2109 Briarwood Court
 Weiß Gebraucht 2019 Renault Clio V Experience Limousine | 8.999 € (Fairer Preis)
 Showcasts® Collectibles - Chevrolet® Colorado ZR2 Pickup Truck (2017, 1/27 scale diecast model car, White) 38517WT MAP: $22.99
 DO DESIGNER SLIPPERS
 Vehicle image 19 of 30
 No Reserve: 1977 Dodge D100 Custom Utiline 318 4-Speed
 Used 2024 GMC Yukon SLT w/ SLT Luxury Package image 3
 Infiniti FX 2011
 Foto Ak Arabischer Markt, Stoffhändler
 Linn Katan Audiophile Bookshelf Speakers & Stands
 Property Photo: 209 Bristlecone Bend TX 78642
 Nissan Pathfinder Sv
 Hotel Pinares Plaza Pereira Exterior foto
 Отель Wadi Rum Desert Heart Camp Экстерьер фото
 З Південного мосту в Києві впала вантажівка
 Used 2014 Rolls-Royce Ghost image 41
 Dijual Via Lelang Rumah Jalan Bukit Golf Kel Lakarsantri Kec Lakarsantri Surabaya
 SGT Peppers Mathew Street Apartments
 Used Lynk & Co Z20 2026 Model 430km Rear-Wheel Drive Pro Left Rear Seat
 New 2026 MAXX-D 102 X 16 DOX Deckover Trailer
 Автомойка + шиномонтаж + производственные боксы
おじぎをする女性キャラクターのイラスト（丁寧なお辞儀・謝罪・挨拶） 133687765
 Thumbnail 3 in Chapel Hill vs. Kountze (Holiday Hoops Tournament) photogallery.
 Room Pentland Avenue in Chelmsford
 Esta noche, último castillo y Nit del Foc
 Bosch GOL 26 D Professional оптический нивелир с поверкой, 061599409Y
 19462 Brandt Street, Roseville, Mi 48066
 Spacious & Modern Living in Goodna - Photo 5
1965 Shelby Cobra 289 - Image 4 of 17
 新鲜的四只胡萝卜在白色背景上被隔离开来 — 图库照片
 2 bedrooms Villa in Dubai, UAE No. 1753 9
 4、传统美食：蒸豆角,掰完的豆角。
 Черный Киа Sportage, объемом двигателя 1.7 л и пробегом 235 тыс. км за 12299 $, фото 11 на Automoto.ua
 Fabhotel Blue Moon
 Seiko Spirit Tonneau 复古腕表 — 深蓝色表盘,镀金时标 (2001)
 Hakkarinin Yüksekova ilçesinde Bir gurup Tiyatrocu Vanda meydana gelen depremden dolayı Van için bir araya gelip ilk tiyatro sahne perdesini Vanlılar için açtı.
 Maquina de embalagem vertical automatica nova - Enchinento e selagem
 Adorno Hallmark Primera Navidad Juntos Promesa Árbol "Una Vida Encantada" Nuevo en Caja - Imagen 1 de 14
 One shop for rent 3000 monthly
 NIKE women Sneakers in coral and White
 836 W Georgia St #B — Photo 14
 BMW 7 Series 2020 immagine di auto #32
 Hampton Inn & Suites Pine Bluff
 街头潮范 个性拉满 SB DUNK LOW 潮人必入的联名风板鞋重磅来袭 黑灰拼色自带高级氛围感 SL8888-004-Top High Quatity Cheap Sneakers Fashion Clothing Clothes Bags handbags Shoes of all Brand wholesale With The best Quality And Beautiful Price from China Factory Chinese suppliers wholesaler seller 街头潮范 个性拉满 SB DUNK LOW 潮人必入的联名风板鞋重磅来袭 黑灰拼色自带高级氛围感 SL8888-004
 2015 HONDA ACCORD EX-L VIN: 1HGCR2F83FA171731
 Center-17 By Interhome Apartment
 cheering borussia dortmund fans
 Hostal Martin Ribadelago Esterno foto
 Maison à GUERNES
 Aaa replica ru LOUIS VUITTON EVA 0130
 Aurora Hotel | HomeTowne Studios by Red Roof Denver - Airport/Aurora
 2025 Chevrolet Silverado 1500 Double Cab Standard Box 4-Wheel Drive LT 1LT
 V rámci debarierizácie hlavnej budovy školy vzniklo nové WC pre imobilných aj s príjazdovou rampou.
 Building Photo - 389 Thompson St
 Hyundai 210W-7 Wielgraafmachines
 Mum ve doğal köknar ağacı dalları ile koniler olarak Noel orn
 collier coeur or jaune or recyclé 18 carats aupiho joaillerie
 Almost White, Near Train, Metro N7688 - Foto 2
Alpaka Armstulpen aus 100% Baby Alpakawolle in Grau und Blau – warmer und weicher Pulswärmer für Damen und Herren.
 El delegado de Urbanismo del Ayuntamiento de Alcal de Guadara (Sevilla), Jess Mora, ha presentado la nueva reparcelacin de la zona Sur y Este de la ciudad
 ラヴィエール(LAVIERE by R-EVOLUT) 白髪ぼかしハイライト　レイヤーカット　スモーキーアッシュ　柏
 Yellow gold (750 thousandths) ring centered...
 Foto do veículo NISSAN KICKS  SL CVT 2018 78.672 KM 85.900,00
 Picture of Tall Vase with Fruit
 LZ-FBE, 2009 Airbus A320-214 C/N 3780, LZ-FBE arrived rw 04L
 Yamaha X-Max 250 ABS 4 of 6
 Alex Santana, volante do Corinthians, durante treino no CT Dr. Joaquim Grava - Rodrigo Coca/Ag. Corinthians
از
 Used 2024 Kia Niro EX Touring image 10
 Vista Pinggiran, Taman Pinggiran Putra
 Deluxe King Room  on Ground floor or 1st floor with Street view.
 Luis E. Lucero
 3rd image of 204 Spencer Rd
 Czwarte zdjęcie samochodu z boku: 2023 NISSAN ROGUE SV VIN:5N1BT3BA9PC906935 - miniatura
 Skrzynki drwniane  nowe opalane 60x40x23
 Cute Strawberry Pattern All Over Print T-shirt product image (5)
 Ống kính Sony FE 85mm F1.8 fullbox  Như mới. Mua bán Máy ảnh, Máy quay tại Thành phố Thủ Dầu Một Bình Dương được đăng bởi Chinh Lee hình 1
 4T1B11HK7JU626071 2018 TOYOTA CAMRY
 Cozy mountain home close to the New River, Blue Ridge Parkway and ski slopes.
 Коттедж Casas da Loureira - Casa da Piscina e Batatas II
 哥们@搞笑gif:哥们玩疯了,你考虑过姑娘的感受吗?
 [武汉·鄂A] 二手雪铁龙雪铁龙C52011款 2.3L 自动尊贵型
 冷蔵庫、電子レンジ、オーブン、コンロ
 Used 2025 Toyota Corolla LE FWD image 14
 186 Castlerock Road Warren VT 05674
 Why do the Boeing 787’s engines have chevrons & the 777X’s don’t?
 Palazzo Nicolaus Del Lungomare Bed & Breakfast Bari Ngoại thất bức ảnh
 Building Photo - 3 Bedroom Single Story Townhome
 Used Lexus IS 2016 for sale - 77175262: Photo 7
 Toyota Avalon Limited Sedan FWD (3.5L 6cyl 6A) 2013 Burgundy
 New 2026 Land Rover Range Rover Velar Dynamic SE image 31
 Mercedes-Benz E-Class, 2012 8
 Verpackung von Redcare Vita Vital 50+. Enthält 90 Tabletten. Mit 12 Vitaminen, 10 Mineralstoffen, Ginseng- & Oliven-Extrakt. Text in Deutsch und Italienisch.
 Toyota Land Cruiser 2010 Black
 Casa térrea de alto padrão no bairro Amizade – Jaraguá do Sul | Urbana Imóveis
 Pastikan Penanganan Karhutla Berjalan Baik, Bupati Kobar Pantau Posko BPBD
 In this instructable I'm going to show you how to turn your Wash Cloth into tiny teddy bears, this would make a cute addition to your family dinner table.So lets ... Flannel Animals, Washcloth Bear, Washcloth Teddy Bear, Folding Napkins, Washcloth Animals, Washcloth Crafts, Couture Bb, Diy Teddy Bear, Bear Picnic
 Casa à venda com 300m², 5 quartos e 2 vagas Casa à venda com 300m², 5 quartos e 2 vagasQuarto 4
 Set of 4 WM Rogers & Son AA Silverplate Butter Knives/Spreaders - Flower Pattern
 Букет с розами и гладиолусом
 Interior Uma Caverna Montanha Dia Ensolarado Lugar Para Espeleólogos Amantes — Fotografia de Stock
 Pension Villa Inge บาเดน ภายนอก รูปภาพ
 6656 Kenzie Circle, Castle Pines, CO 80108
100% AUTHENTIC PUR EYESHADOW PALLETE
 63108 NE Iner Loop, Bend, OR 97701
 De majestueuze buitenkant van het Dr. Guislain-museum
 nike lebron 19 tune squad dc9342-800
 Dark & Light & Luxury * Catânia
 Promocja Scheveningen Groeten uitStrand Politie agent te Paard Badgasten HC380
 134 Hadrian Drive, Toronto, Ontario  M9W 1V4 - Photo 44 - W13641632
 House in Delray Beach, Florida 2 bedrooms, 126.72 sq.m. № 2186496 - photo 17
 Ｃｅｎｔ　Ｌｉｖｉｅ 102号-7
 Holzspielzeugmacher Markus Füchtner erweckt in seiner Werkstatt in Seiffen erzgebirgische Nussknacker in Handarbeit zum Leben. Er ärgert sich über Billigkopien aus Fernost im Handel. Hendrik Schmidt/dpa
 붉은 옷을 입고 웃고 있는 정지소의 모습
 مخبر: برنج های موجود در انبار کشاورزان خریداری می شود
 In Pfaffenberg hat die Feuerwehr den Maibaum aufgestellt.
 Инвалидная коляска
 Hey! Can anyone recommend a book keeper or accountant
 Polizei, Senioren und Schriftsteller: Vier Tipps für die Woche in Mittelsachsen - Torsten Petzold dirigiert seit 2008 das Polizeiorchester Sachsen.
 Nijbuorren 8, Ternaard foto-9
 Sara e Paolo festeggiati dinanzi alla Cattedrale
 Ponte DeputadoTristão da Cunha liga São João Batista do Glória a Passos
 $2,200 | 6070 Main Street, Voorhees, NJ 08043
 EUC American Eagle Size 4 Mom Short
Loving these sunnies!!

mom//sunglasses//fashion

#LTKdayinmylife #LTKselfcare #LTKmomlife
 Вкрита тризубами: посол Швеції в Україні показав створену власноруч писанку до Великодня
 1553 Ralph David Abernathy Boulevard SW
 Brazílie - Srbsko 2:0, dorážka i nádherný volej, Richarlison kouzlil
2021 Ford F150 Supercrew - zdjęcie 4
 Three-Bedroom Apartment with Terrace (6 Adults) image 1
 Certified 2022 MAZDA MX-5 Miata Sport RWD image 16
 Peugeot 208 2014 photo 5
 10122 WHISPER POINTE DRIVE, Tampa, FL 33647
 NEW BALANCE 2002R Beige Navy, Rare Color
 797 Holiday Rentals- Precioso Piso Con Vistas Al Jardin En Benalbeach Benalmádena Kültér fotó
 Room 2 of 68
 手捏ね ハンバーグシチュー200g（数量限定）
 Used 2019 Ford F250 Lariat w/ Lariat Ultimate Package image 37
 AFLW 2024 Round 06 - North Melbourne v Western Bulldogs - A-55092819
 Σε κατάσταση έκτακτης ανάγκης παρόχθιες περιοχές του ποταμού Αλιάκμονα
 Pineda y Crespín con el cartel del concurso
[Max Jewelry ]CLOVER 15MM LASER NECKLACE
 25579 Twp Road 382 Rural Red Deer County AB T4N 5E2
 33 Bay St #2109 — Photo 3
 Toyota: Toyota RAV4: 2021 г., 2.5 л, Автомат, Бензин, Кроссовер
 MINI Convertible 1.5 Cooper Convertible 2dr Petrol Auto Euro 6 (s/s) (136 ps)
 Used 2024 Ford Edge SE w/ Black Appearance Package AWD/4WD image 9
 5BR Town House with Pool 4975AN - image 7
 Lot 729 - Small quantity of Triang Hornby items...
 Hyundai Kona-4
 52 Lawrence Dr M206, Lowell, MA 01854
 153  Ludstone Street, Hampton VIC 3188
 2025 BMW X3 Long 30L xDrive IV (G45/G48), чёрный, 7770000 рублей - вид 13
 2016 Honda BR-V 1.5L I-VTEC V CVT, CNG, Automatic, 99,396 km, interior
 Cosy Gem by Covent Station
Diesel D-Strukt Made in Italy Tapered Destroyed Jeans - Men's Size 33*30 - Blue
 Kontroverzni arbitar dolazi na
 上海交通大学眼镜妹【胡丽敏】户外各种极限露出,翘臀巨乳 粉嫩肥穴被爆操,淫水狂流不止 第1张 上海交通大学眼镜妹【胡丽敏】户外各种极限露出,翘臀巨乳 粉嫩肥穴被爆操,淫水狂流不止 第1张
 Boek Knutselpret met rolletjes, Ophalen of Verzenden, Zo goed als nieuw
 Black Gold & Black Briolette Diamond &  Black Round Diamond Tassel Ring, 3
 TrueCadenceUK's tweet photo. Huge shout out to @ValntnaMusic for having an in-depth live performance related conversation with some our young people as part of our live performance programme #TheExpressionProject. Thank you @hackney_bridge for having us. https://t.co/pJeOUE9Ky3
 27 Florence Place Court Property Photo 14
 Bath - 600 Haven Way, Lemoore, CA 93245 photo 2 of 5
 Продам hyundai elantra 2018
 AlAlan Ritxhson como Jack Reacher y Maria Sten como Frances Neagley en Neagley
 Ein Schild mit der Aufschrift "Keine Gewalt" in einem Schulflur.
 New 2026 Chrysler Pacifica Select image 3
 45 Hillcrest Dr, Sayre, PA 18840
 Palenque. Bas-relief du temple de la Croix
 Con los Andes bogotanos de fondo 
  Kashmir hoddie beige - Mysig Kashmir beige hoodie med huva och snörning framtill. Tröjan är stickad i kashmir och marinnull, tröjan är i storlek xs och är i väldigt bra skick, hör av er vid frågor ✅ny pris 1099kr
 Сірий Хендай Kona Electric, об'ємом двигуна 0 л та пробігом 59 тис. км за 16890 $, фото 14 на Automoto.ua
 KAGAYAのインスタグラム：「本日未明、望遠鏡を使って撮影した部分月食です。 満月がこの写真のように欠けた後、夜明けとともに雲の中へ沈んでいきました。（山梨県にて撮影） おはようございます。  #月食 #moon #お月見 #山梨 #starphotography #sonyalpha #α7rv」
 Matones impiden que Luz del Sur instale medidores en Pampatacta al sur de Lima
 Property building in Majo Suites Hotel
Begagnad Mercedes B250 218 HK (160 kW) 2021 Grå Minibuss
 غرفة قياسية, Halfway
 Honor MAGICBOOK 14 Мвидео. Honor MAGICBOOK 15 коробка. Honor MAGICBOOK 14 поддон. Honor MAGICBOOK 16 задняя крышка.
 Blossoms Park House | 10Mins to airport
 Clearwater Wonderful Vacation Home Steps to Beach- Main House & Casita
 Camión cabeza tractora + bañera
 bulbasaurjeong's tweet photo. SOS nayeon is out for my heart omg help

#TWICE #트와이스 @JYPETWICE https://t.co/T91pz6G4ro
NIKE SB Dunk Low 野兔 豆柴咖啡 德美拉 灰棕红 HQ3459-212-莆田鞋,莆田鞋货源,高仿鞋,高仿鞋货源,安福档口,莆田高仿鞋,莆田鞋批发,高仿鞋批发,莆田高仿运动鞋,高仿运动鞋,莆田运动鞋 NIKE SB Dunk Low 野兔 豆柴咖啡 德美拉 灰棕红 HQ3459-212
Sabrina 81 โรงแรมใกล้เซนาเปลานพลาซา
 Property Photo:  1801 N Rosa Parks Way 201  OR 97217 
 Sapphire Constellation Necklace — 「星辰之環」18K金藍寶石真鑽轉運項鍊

# # # #

From the records above, extract exactly and only the lines that begin at the line with "6656 Kenzie Circle, Castle Pines, CO 80108" and stop after the line with "Ｃｅｎｔ　Ｌｉｖｉｅ 102号-7".

### YOUR RESPONSE
 6656 Kenzie Circle, Castle Pines, CO 80108
100% AUTHENTIC PUR EYESHADOW PALLETE
 63108 NE Iner Loop, Bend, OR 97701
 De majestueuze buitenkant van het Dr. Guislain-museum
 nike lebron 19 tune squad dc9342-800
 Dark & Light & Luxury * Catânia
 Promocja Scheveningen Groeten uitStrand Politie agent te Paard Badgasten HC380
 134 Hadrian Drive, Toronto, Ontario  M9W 1V4 - Photo 44 - W13641632
 House in Delray Beach, Florida 2 bedrooms, 126.72 sq.m. № 2186496 - photo 17
 Ｃｅｎｔ　Ｌｉｖｉｅ 102号-7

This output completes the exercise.